4/17/2007

The Closet

Director: Francis Veber

The man responsible for some of the funniest contemporary French films of the past thirty years (a few of which have been remade in the U.S.) releases one of his most creative and sweet-natured comedies about Francois, a dull accountant (Daniel Auteuil) who, after being forced out of the large group photo at his work for “space reasons” overhears that he is about to be fired.



Divorced from the wife he still loves and a son who’s been growing distant from him, Auteuil’s job crunching numbers for the local condom factory has been the one thing that’s kept him going for years. A new neighbor intervenes in Francois’s plight by doctoring photographs and sending them anonymously to his work, implicating Francois as gay, knowing full well from his own experience in the corporate world, that the company wouldn’t want to fire him for what others may perceive as reasons of homophobia.

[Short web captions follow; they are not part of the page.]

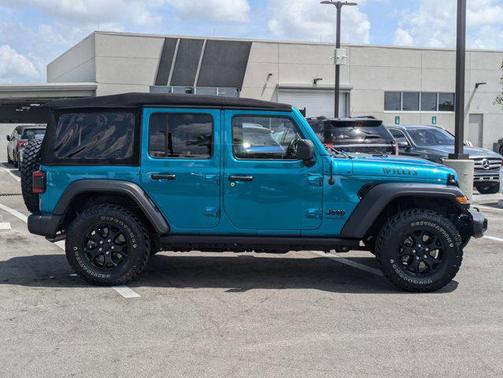2020 Jeep Wrangler Unlimited Willys 4X4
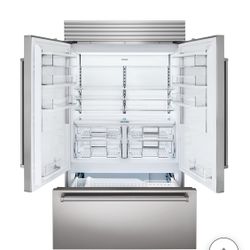 Luxury Sub-Zero Refrigerator – Model CL4850UFDID/S/P – Like New!  Upgrade your kitchen with the ultimate in performance and style! This 48” Sub-Zero B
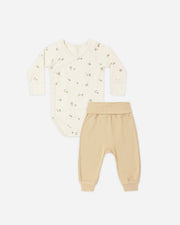 Side Snap Bodysuit and Pant Set - Pears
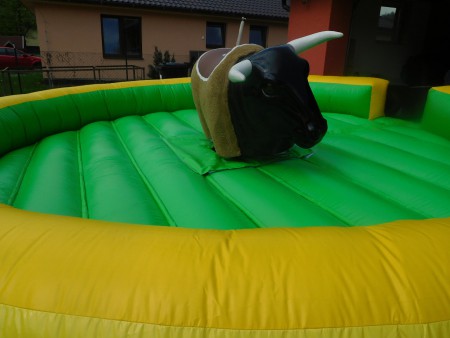 Elektrický "RODEO BÝK" - Atrakce Jeseník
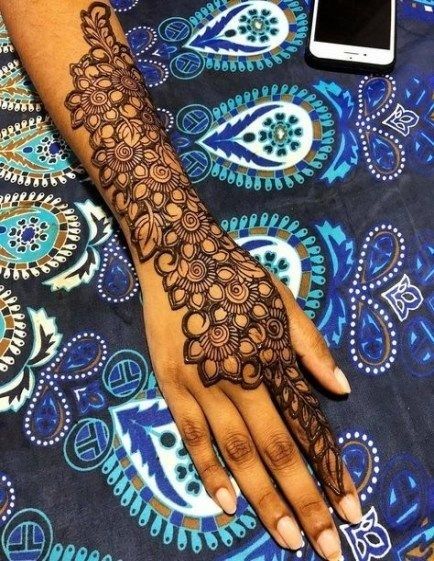 The Floral Bail Backhand Mehndi
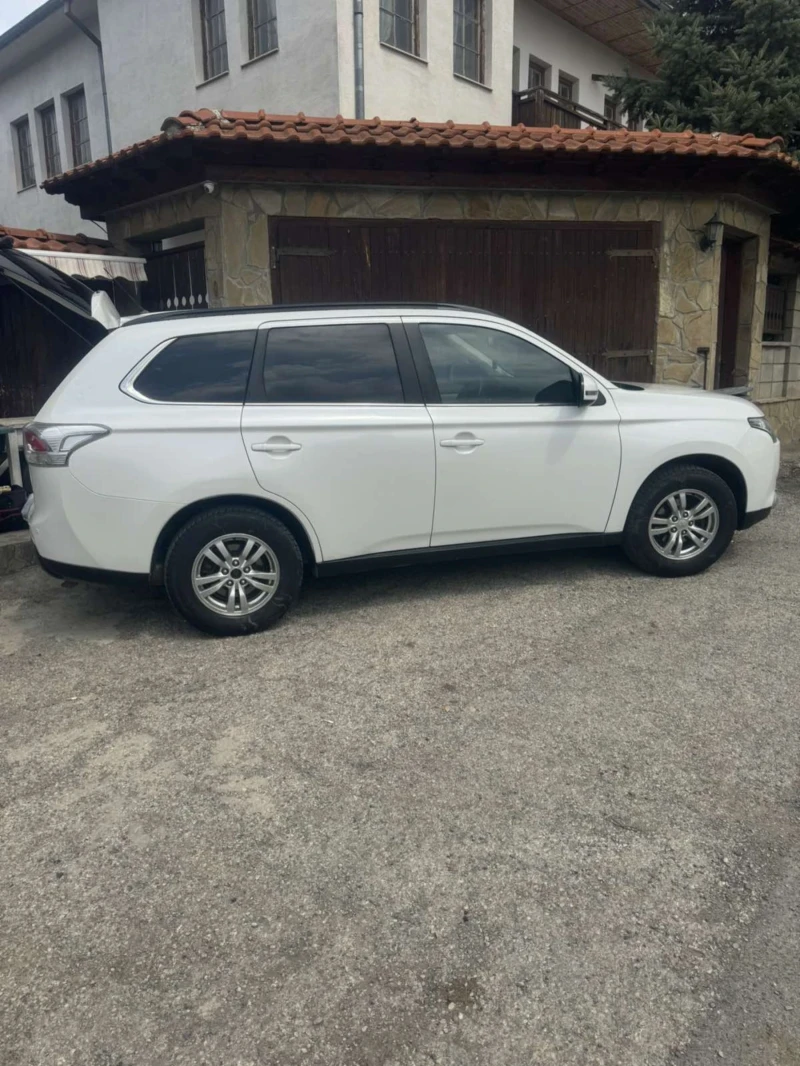 Mitsubishi Outlander, снимка 5 - Автомобили и джипове - 52252657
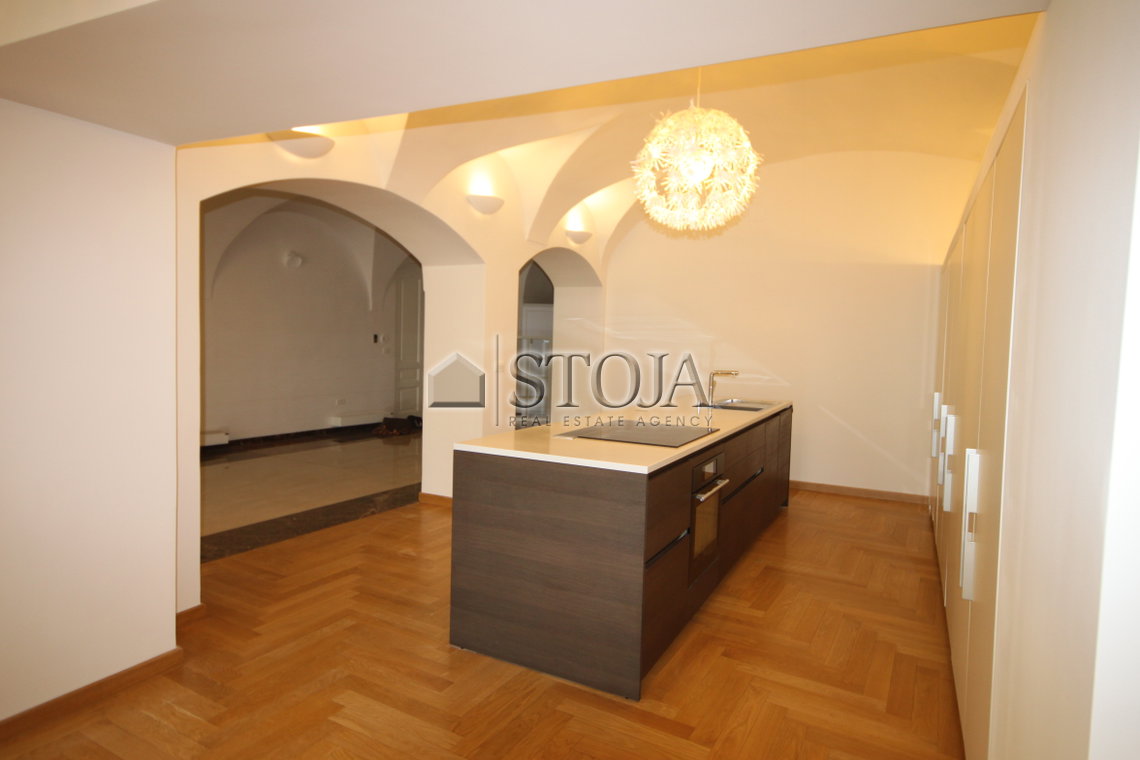 Lokacija: Ljubljana mesto, Center, Stara Ljubljana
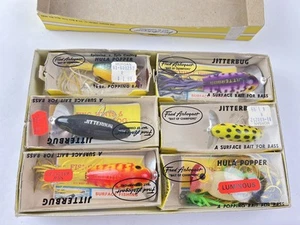 Scatola esche da pesca luminose vintage Fred Arbogast Hula Popper Jitterbug NOS USA L - Foto 1 di 16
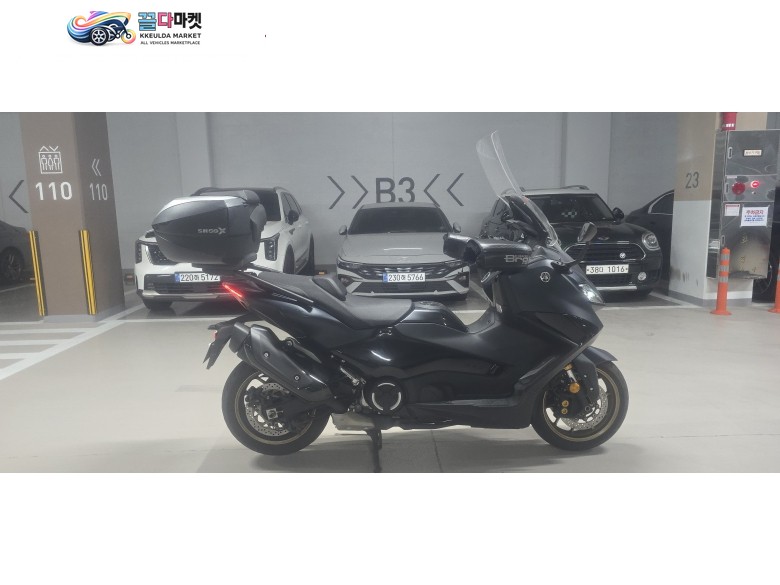 야마하 티맥스 560 2022년식 TMAX560 신테크 팔아요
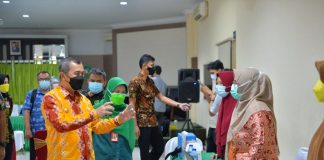 Tingginya Minat Masyarakat Riau Untuk Ikut Divaksin antusias-masyarakat-riau-untuk-diva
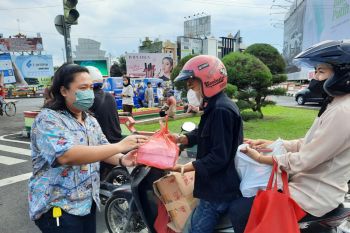 Peduli sesama, Ailaa Shop bagikan ratusan nasi kotak dan takjil kepada pengendara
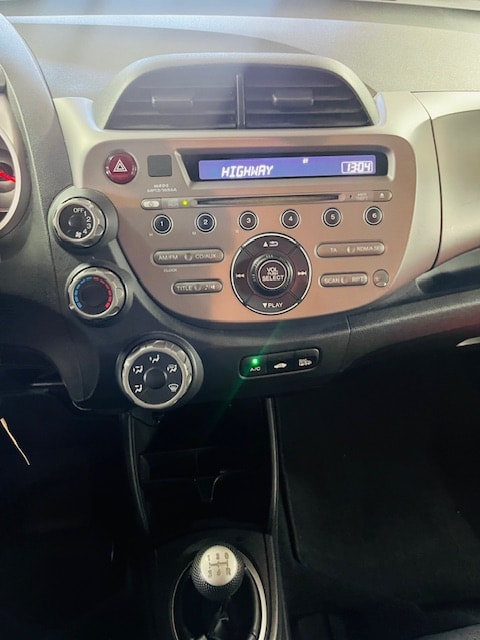HONDA Jazz 1.2i Trend-image-8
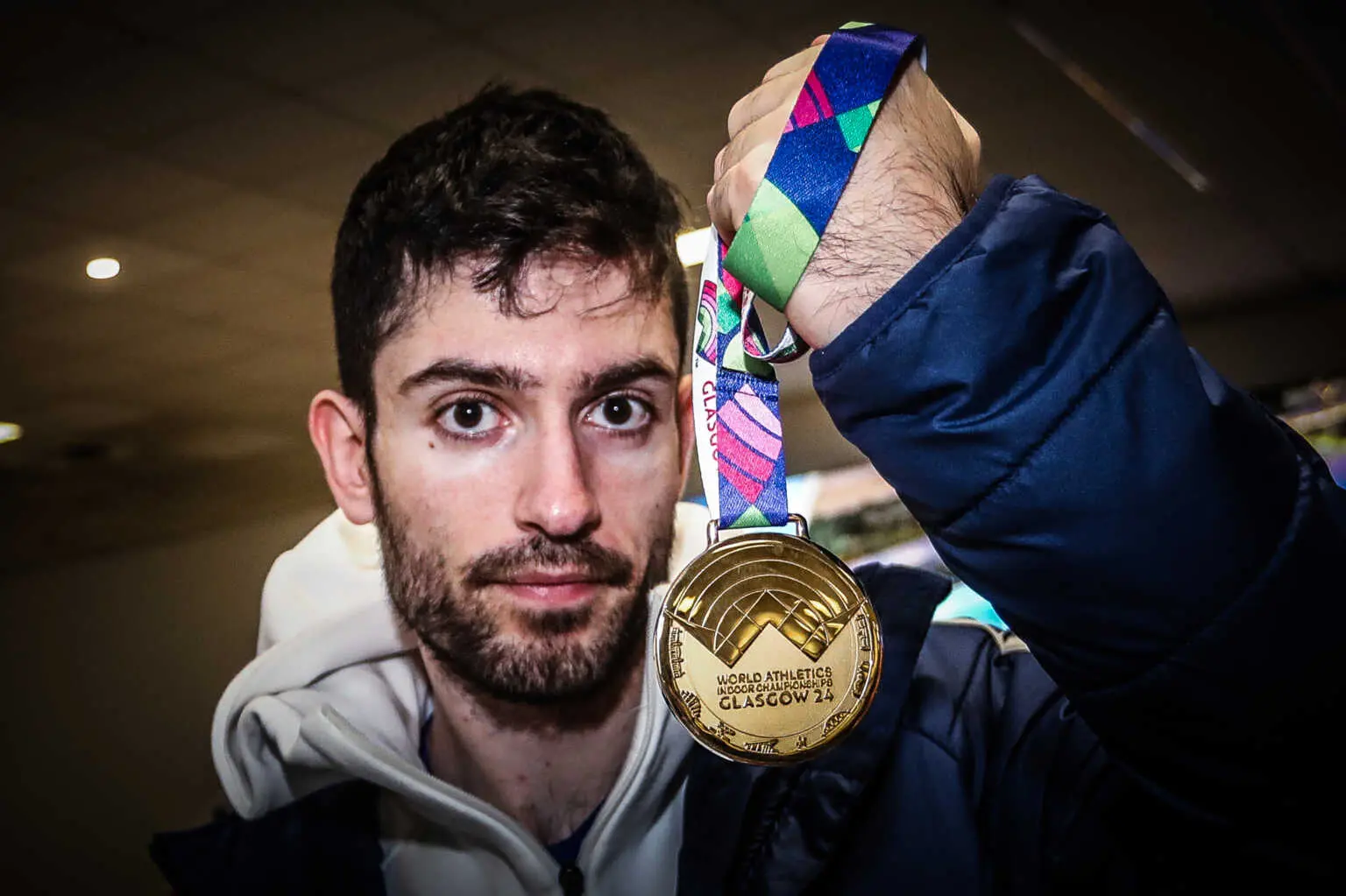 Μίλτος Τεντόγλου: Προτιμώ το πρωινό ξύπνημα από την γκρίνια της κοπέλας μου (Video)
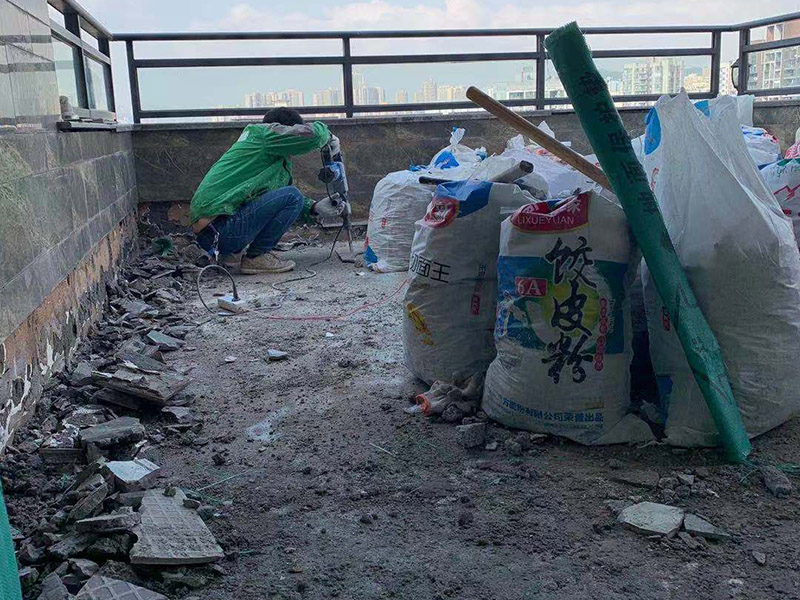 頂面瓷磚拆除建渣裝袋：漏水有可能是地面的防水有斷裂，可以把地面的磚縫用防水涂料重新涂一下。如果已經(jīng)影響到樓下了，這樣處理的效果可能不會太好，因為斷裂的不是瓷磚而是防水層，而水在瓷磚下面是流動的，所以光堵一兩個磚縫肯定還會漏水。 最好的方法是將原來的瓷磚和防水層都拆除掉，重新做防水層，重新鋪磚?？梢詫⒌孛婧蛪γ娴姆浪坎鸪w翻新；也可以把地面的拆除，墻面只拆除從地面往上的兩片磚，在墻面兩片磚以下的部分做防水。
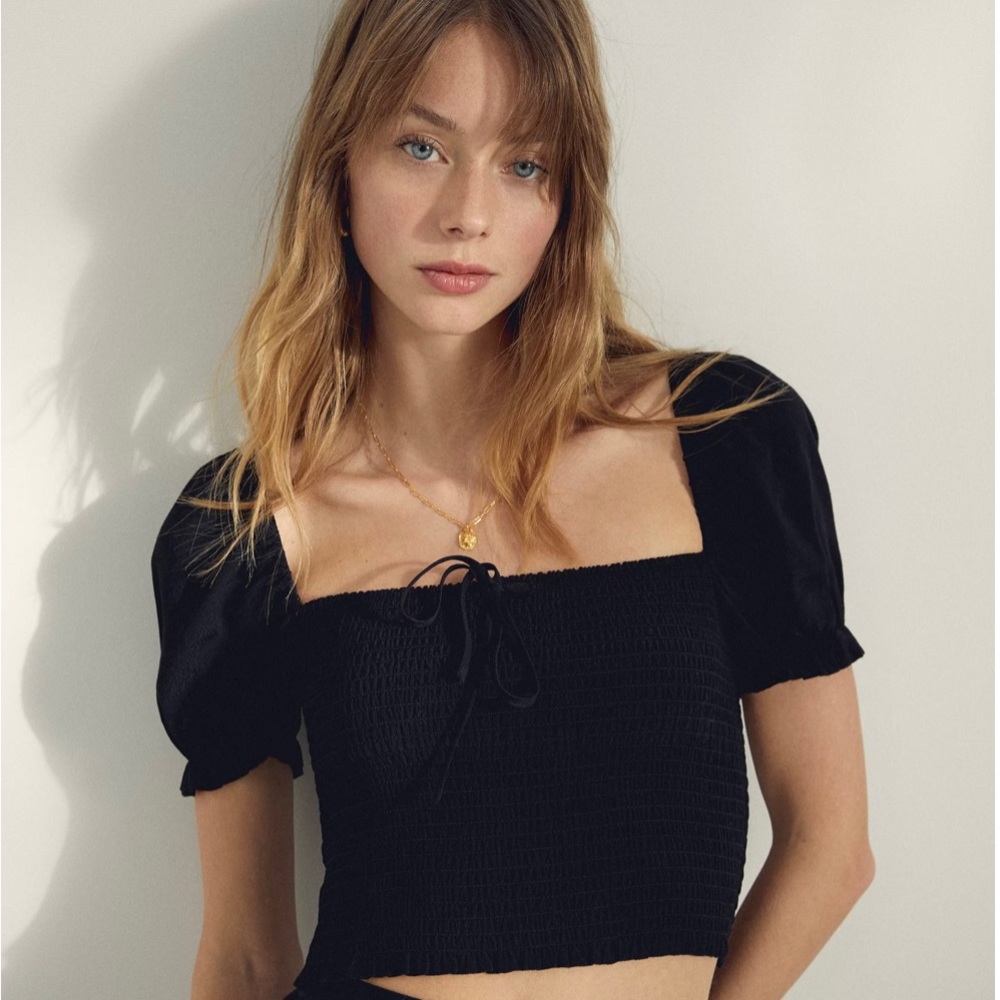 Aritzia Wilfred smocked blouse.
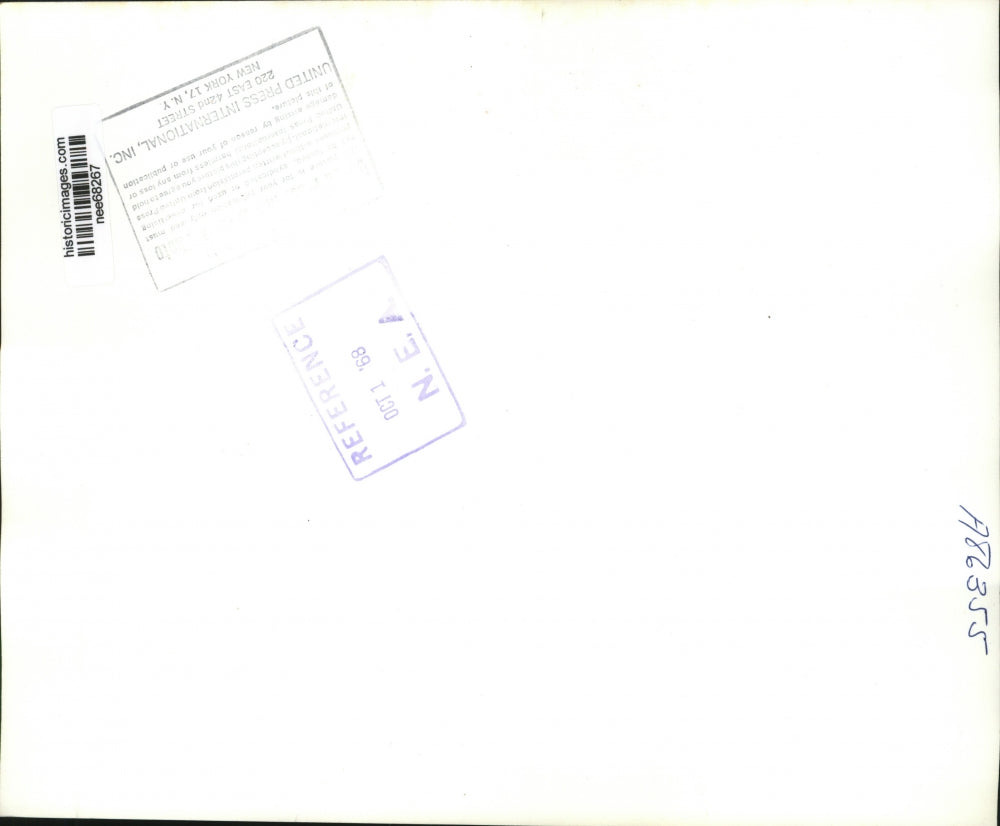 1968 Press Photo Edmund Muskie, greeted supporters in Downtown Columbus.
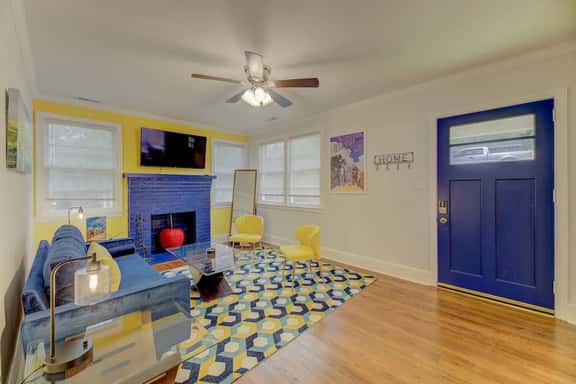 Yellow Brick Road Cottage | 2BR 1BA Pets+ - Image 1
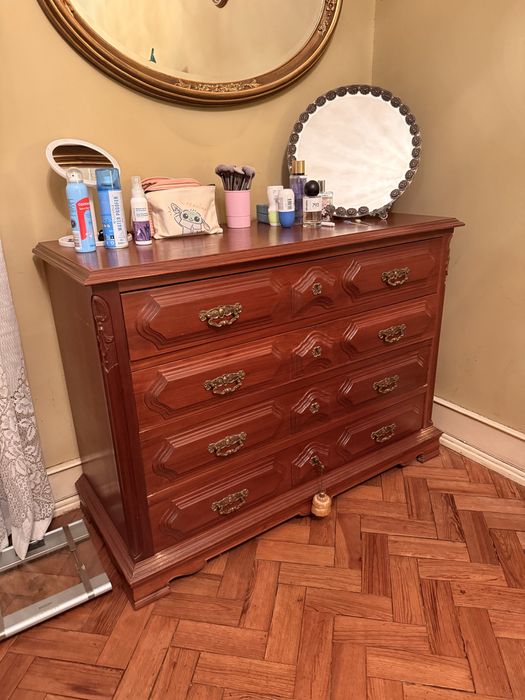 Cómoda Clássica em Madeira com 4 Gavetas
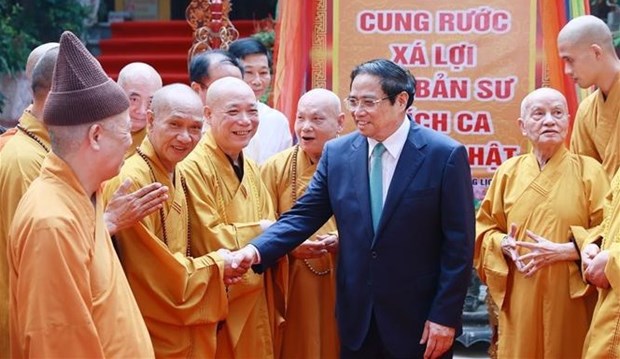 Prime Minister extends greetings on Lord Buddha's birthday hinh anh 2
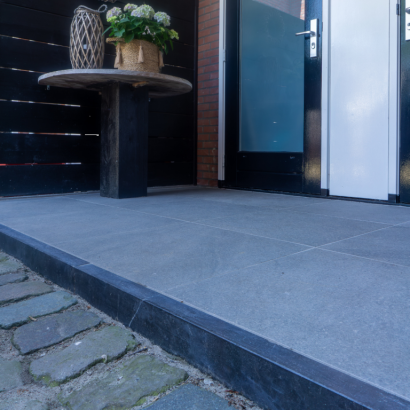 Blue Stone strook gezoet 20 cm breed 150x20x5 cm.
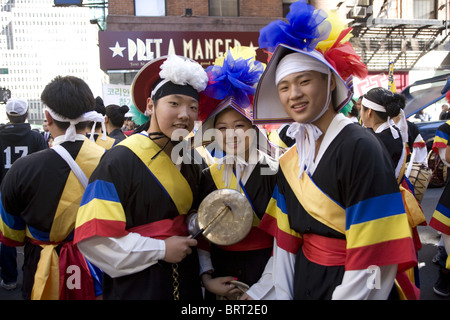 2010 Korean Day Parade le long de l'Avenue des Amériques à New York. Banque D'Images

Soon, as the film’s tagline reads, “in order to save his job, he must come out of the closet he never went into” as the entire company reacts in various manners from his female colleagues trying to play detective and some of the male ones turning a bit hostile, including Gerard Depardieu in a hilarious turn as a homophobic coworker whom Thierry Lhermitte encourages to make nice with Francois by manipulating the prejudiced and weak-minded Depardieu for his own sport.

A thoughtful, highly intelligent film that makes some great points about corporate politics and tolerance, the actors (including costars Jean Rochefort and Michele Laroque) provide excellent support and The Closet is one of Veber’s best in recent years. Note: for a fun Veber double feature, pair The Closet with The Dinner Game.